I subsequently realized there is an efficient simple algorithm utilizing properties of the Greatest Common Divisor, as I noted here. Reproduced:
- Write a Greatest Common Divisor function
- Note that the Smallest Common Multiple (SCM) of any two numbers a and b is the value:
a * b / GCD(a,b) .
- Calculate the SCM for the first two numbers of the range; then successively calculate the SCM for that value plus the next value in the range until you hit the end of the range.
I suggest that the challenge be:
- Immediately preceded by a Write a GCD function challenge;
- Be pre-populated with the GCD function just written by the student; and
- Be supplemented with my algorithm note above (or at least the comment
Note that the Smallest Common Multiple (SCM) of any two numbers a and b is the value:
a * b / GCD(a,b)
I believe this would be far more valuable to students than the existing challenge structure.
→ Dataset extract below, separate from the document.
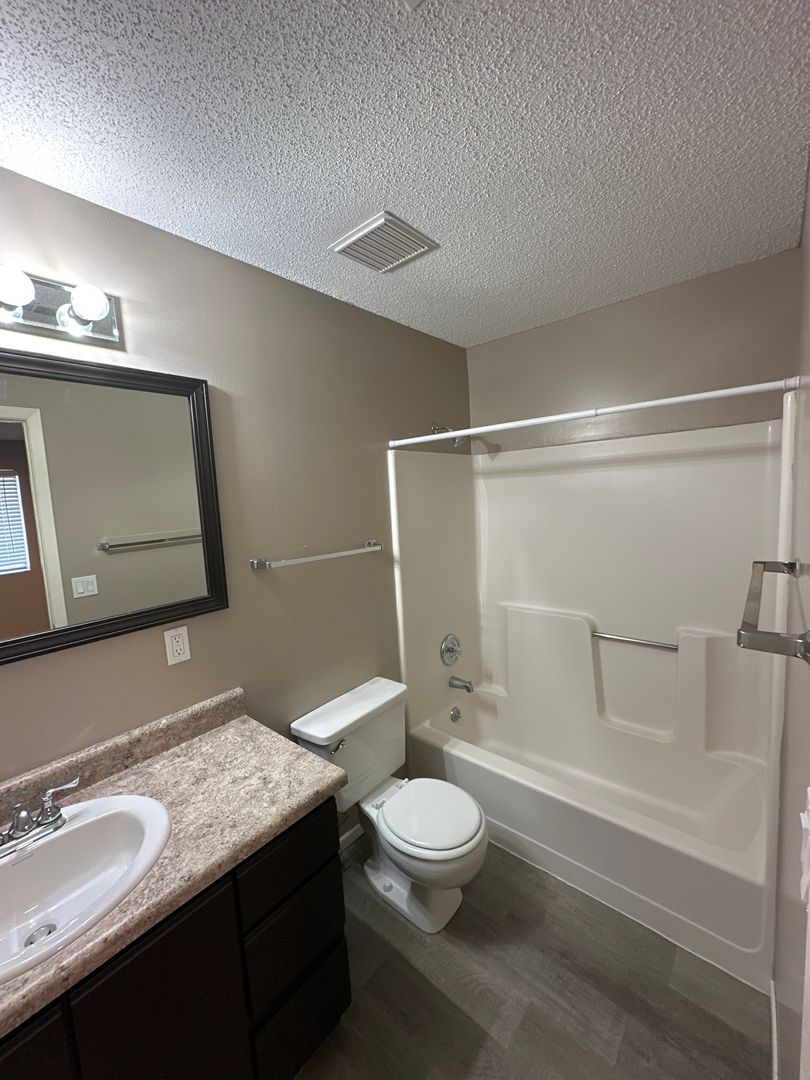 Lincoln Apartment: 120 College Park Circle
This is just one person’s opinion, but I don’t think that this challenge is too demanding. One of the objections I have to most online coding education platforms is that they hold your hand to the point that you don’t actually learn much more than syntax. FCC is ramping students up into pretty difficult projects, and as the challenges progress they require not just more logical problem solving but also practical problem solving in the form of research. It is not uncommon for some of the more advanced challenges to take hours or even for students to find that they need to walk away from it and come back again.
Yes, having to work though a math-based challenge when you do not have a lot of experience or confidence in math is frustrating, but it’s a very realistic frustration that is part of this field and something that we need to know how to work though in order to work independently.
This would not be the first time I knew too much math - and initially used the wrong math for a problem.
After first solving this challenge on Friday evening, I was motivated to revisit it by a question on this site by a student who was struggling with time-out crashes in his browser. Since prime factorization is (I believe) far better known than the Euclidean algorithm for calculating GCD, that student may not be the only one to fall into the trap.
FWIW: Once I got past my muttering, the challenge of solving this challenge using prime factorization ended up being quite enjoyable - creating a solution that is almost as efficient as the GCD method.
I think that this challenge is one of the ones that gives that great “I defeated it” satisfaction.